O filme retrata a história de um funcionário de um crematório que cultiva um fascínio voyeurístico por uma enfermeira que vive à sua frente. Trata-se de um fascínio algo infantil e sem malícia mas obsceno na sua forma. Nesta contradição de tom está a riqueza desta obra.
O realizador dizia em entrevista que havia no filme uma ambiguidade moral: que se ao mesmo tempo vemos como condenável a intrusão na intimidade de Ana também compreendemos a solidão e motivos emocionais do protagonista. Eu não vi essa equidistância moral. O tom trágico e o centro exclusivo da narrativa no mesmo e o retrato de austeridade e crueldade da punição levam-nos claramente para o lado de Okrasa. A este olhar libertário não é alheio creio, o percurso de dissidência e exílio políticos do realizador Jerzy Skolimowski na reprimida Polónia comunista em que estudou Belas Artes.

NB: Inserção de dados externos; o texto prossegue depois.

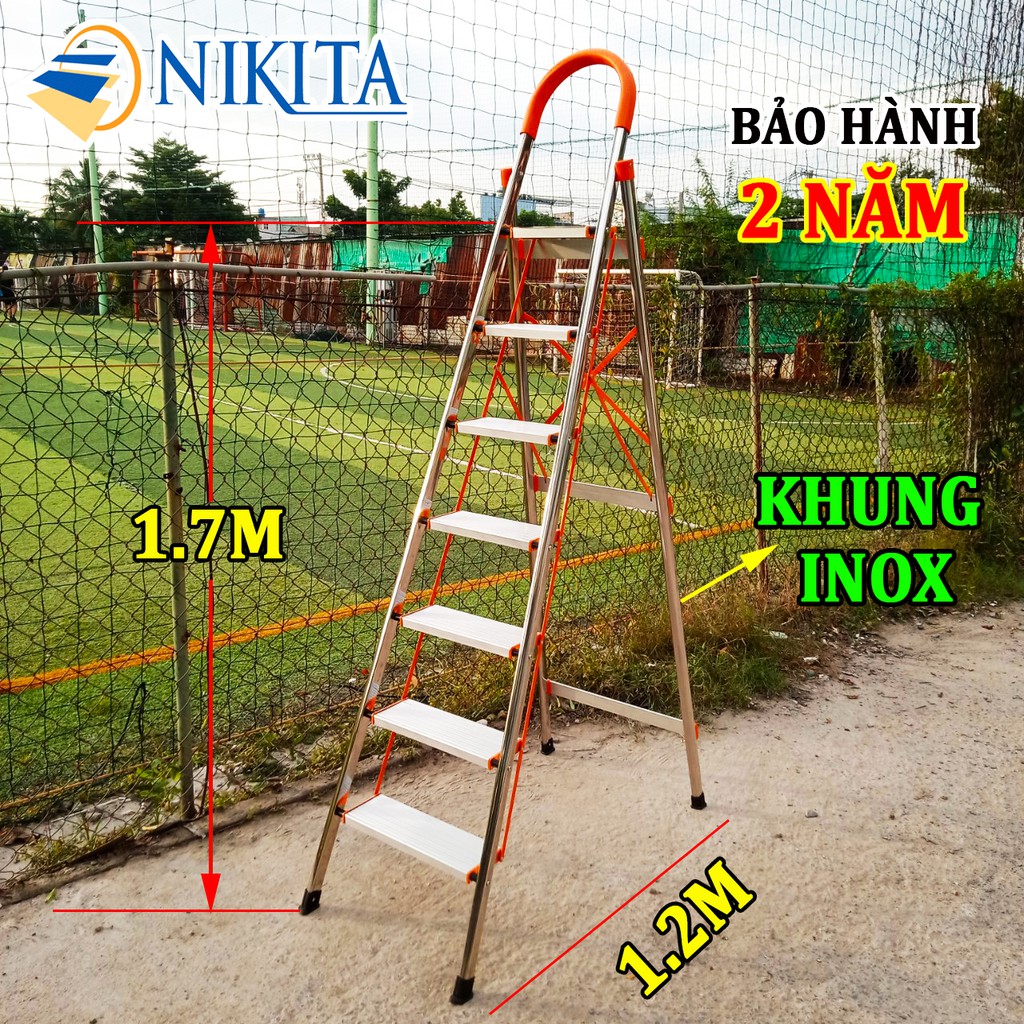 THANG GHẾ INOX TAY VỊN 7 BẬC CAO 1.7m NIKITA-NHẬT BẢN NKT-IN07 bảo hành 2 năm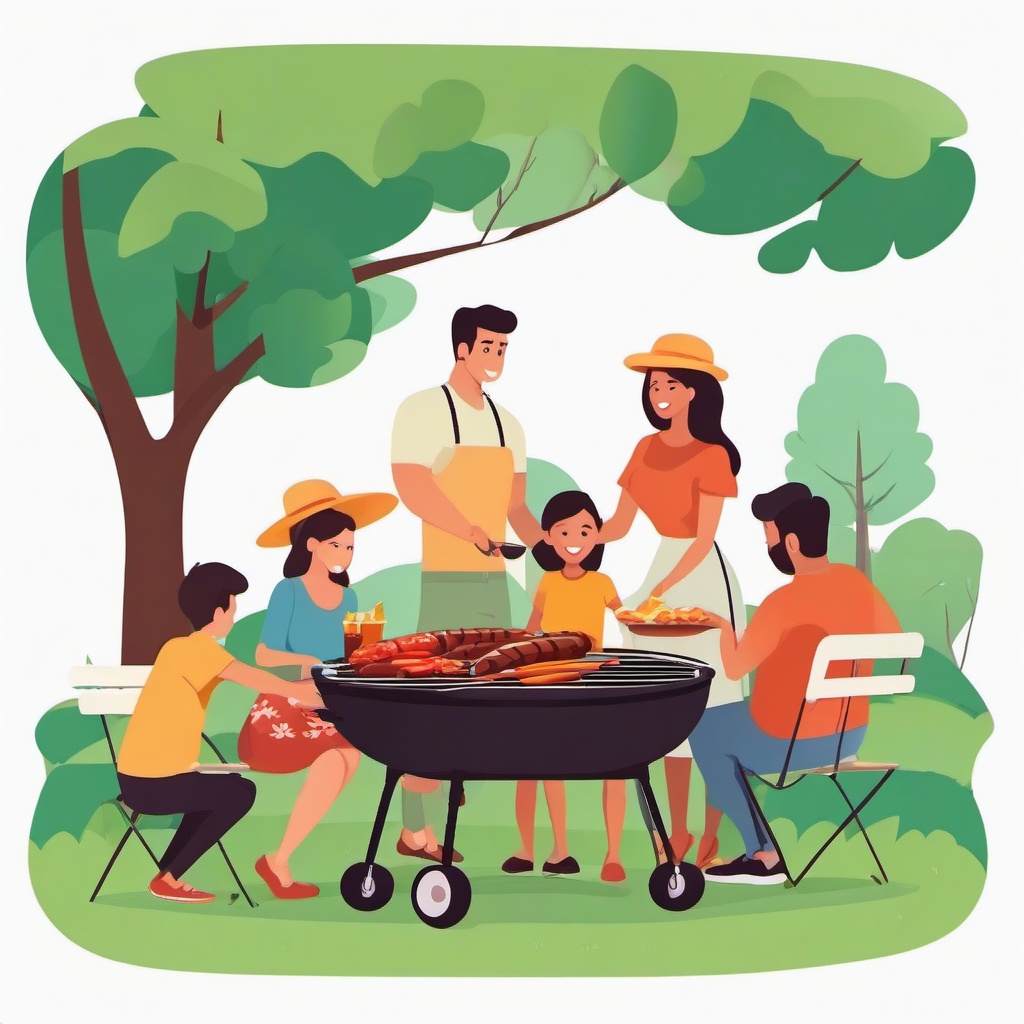 BBQ with family at a park clipart.  vector style illustration, white background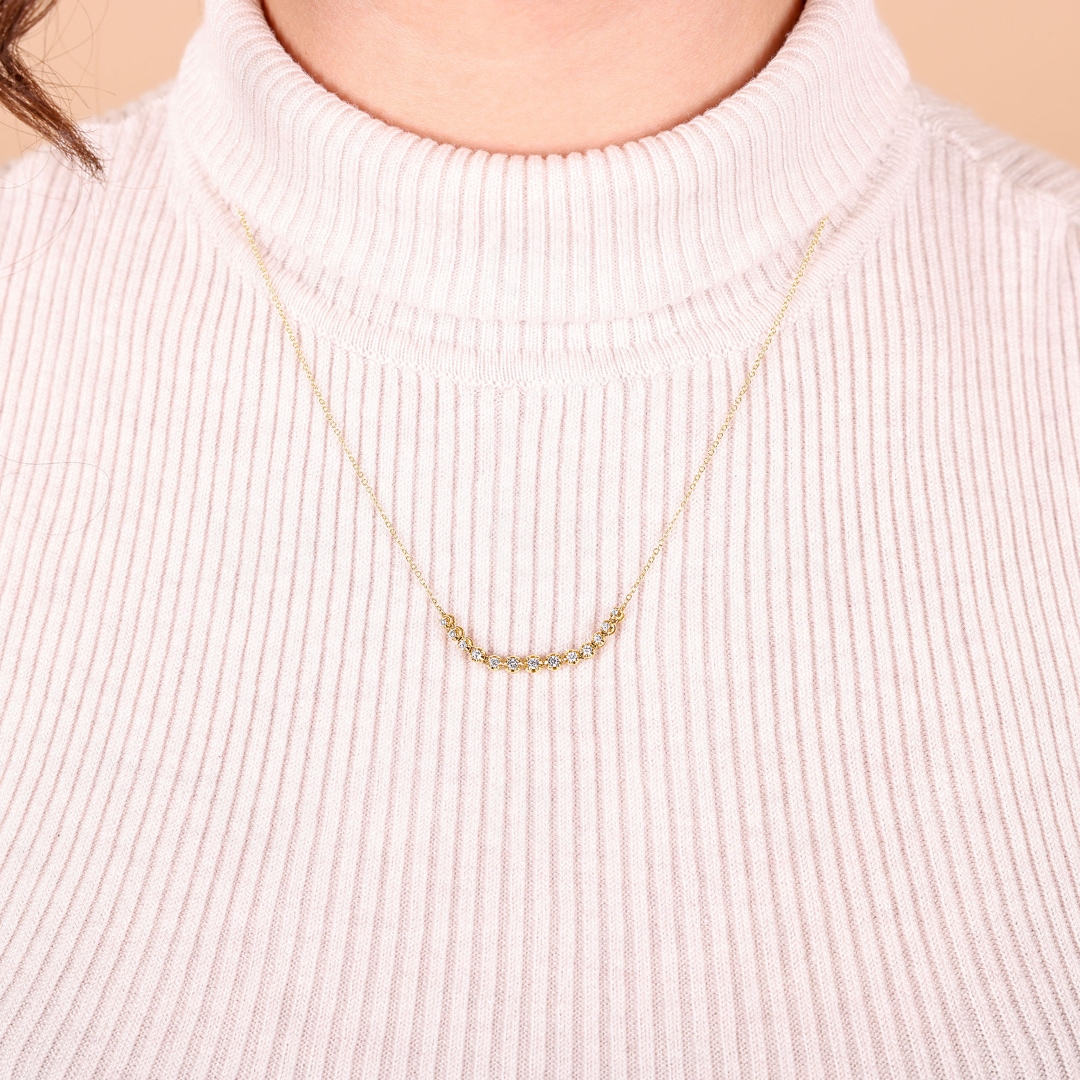 0.25 Karat Diamantencollier 750/18 K Gelbgold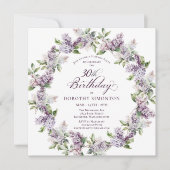 Invitation SURPRISE PARTY 30e anniversaire Purple Lilac Flora (Devant)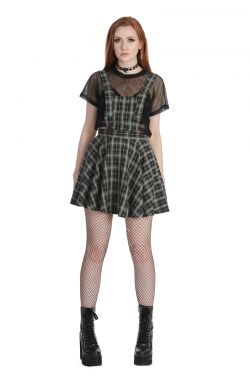 Don't Settle Pinafore Tartan Check Grey Alternative Dress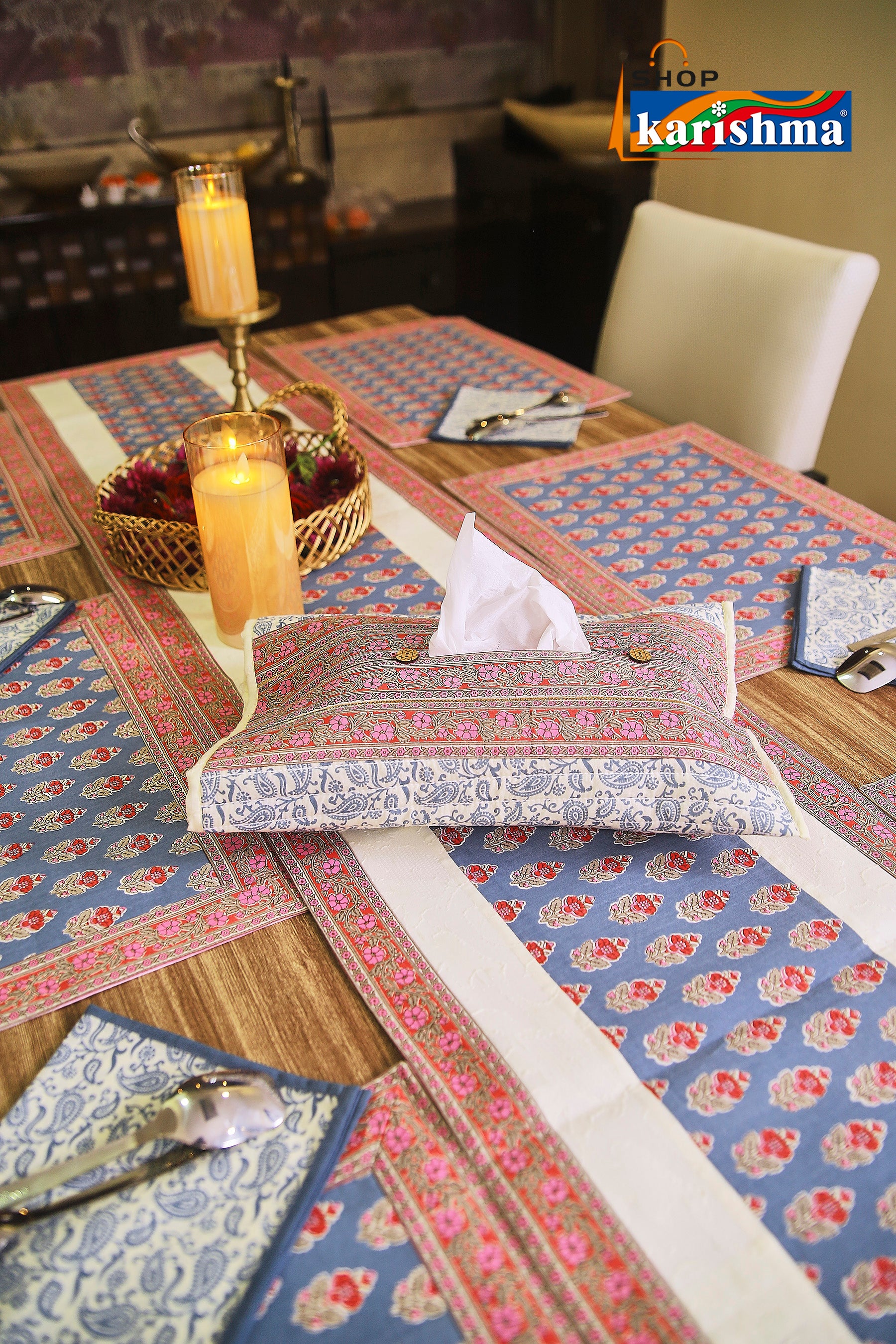 Grey & Pink Floral Block Print Design Pure Cotton Table Linen Set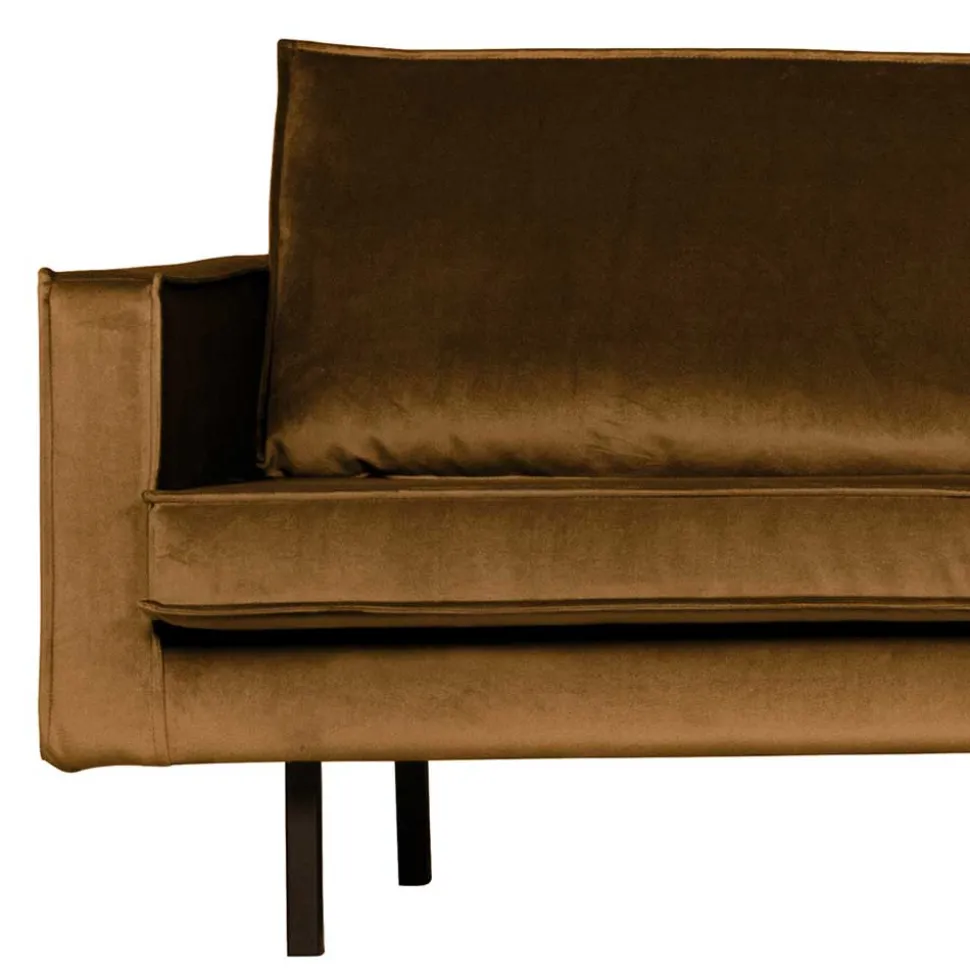 Wohnzimmer L Couch in Honigfarben Samt - Saguan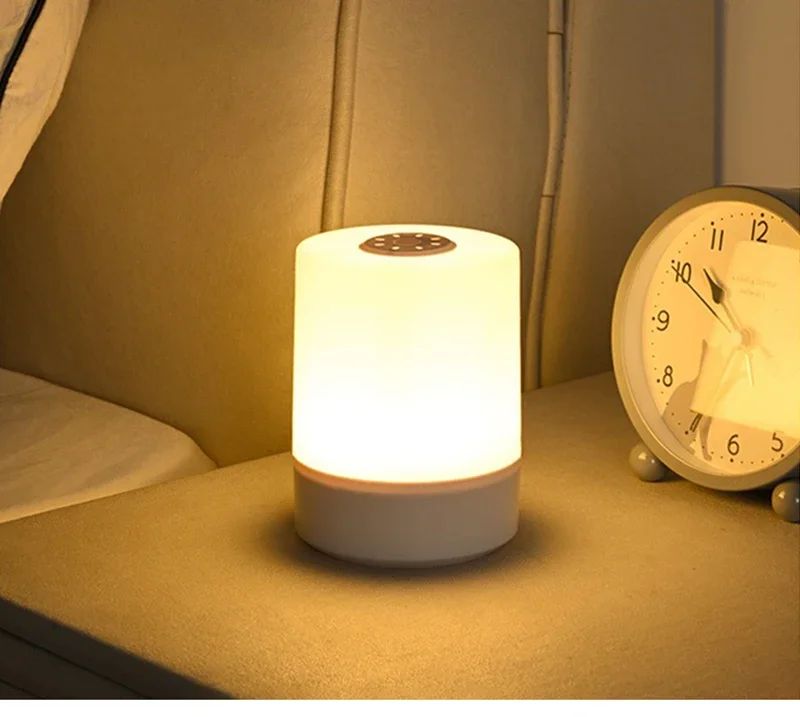 Luminária de Mesa LED Dimerizável para Cabeceira, Abajur Decorativo com Controle de Toque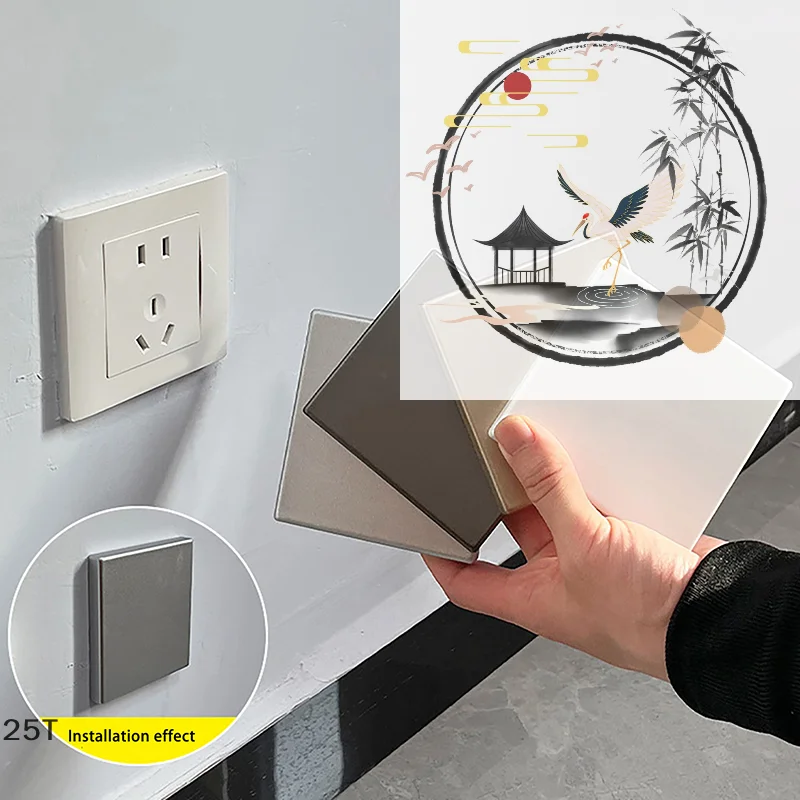 Самоклеящаяся декоративная накладка для розеток и выключателей, заглушка для отверстий в стене, универсальная панель из АБС-пластика, фурнитура для дома
Самоклеящаяся декоративная накладка для розеток и выключателей, заглушка для отверстий в стене, универсальная панель из АБС-пластика, фурнитура для дома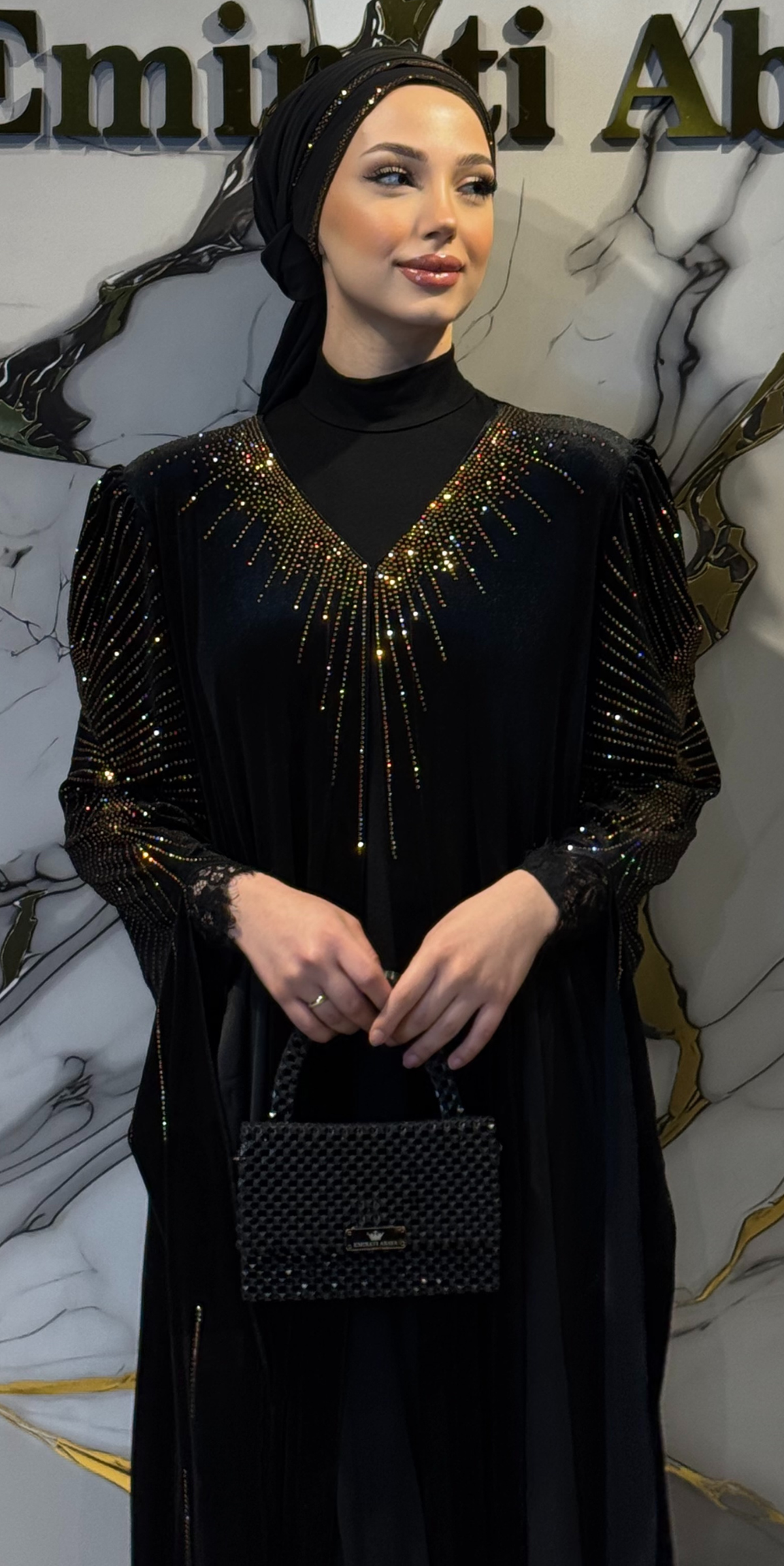 Black Velvet Evening Dress with Gold Embellishments - Long Sleeved, Sparkling Model TM82 GSVB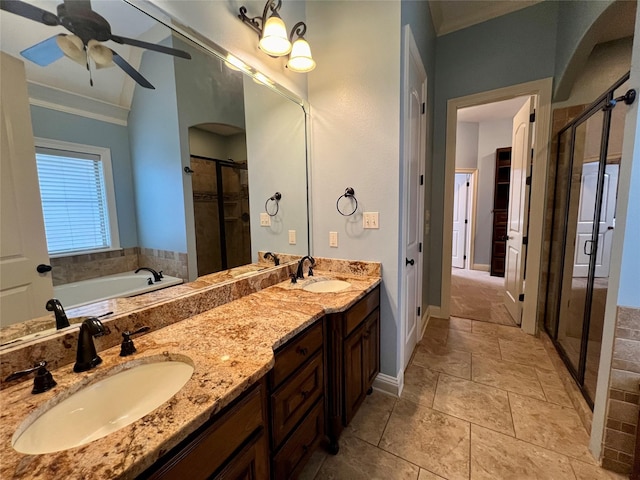 bathroom featuring crown molding, separate shower and tub, vanity, and ceiling fan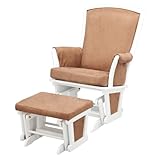 Delta Bentley Upholstered Glider and Ottoman Set - White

Mas este não é uma limitação do filme mas antes a sua grande virtude. Vivemos por dentro a solidão do homem, as suas obsessões. Num cenário de muros e paredes: (belíssima cena final) a incomunicabilidade da dor é total.
O filme sugere essa rotina de vácuo emocional com a repetição de planos e situações. Não é um filme estetizado. Cada imagem está lá para transmitir a solidão: a paisagem e a fotografia monocromáticas (é de facto um filme sem “cor”) e os cenários são também eles rudes e desprovidos de optimismo; a profissão é insensível; assim como a paisagem; a punição cruel; o protagonista estigmatizado e violentado.
Ainda assim apesar dos elementos de fealdade enumerados é difícil não atribuir espontaneamente alguma beleza e candura aos gestos de protecção e pura devoção a uma imagem (Ana e sua vida visível da janela) que se apresenta real e em carne aos olhos do protagonista.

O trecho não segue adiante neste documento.